Welcome to Magazine Sixty, Patrick. As well as your new EP: The End of Logic for HARD FIST you have co-created a video game to accompany the release featuring the track: Nervous Days. What was it about making a video game that you found so appealing, as opposed to other visual forms?
I created Nervous Days – The Game with Yvan Megal because we were both very intrigued by this medium, we like to play video games and always dreamed of making one. Yvan directed 3 of my previous music videos and I worked on his early short-movies, we have a strong artistic connection and this project just crossed all the things we liked so we started working on it in 2019. Video Game is a very underestimated art. When you play a video game you are active, you do more things than watching a video: you can go where you want, make your own decision, if you achieve a goal it will be thanks to you, you are an actor. It is a movie you can interact with or a theatre stage where you can actually go. Some games (especially indie games like Stanley Parable or Kentucky Route Zero) can blow your mind and be truly fantastic experiences, far from what we usually define as ‘video game’. I think it is a powerful medium to share emotions because the player is actually living the story you created not just watching it. This can offer a very intimate artistic experience between the artist and the viewer. As an artist you need to think of what the player might do or not do and frequently be in his eyes, look where he looks, go where he goes. You need to take him where you want without restricting him and always let him feel free. I find that idea very interesting. This game is our first one but we clearly will experiment on new ones.
Nervous Days is about obsession with social media. Do you think society could exist without it and what do you see the end results of the medium being? Are there any plus points?
Nervous Days is a funny satire of our behaviour towards social media. I use social media, enjoy it and also hate it. I don’t see how a number of followers or views make a good song or an interesting person but this topic is already out of date: social media isn’t social media anymore, it’s just regular life. I’m not good at sociology enough to know if society could live without it. I’m not old enough to regret the time there wasn’t any and not young enough to see it as a regular thing to live with.
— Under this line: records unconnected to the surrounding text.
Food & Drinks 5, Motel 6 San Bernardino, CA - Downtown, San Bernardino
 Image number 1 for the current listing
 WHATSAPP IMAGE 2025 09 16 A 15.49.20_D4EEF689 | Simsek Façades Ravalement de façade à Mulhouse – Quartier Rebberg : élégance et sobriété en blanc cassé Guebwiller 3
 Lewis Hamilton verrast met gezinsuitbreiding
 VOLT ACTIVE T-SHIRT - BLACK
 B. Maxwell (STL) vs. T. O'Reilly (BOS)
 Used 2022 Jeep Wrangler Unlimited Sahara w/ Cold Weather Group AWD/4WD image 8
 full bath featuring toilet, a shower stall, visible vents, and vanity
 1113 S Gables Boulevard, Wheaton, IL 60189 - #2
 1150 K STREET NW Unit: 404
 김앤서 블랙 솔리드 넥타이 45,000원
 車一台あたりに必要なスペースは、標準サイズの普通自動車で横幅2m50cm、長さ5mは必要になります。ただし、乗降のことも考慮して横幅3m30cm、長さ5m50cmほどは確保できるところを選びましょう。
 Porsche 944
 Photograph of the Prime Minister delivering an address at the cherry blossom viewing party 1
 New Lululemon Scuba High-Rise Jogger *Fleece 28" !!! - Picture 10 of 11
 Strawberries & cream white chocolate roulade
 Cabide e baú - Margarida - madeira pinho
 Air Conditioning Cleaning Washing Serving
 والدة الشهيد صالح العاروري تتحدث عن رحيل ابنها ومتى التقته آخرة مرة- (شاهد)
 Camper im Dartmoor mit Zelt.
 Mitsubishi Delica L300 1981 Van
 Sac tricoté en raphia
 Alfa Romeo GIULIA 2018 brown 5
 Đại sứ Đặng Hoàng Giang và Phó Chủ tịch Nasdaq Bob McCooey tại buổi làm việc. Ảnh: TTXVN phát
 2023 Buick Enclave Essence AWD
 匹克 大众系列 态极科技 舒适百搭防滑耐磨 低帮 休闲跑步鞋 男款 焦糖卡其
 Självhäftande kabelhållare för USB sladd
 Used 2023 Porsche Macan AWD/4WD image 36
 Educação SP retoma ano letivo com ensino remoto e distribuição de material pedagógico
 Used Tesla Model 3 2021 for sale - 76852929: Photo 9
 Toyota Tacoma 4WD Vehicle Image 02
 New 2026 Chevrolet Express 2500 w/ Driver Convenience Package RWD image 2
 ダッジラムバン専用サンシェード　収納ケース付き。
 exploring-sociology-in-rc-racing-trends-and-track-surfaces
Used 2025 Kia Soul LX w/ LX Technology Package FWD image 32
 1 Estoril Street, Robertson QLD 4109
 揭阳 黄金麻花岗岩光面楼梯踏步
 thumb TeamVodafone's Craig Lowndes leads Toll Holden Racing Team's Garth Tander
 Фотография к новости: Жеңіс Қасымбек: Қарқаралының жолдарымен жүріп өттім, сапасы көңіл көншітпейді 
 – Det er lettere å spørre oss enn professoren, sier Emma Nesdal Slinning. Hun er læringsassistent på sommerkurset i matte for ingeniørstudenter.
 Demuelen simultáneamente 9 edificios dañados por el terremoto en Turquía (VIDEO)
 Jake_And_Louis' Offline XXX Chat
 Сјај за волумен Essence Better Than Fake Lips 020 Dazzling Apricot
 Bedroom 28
As a producer I need social media for my work but I also feel I must act against it. I think the answer should not have to be necessarily Manichean. This is the rule of this reality and I have to consider it to know how I can break them. Social media work on us on a very primitive level: it creates dopamine and makes us want more of it then create addiction: for example I’m very interested in that uncontrollable feeling of joy/ excitement that comes from having new likes, views or followers: what is this thing inside of us that makes us proud or happy ? Acknowledgement? Lust for love or celebrity? Reassurance? It shows that we are all looking for something. Desperately. Philosophically. It fills a void and that void interests me. That might be the positive point.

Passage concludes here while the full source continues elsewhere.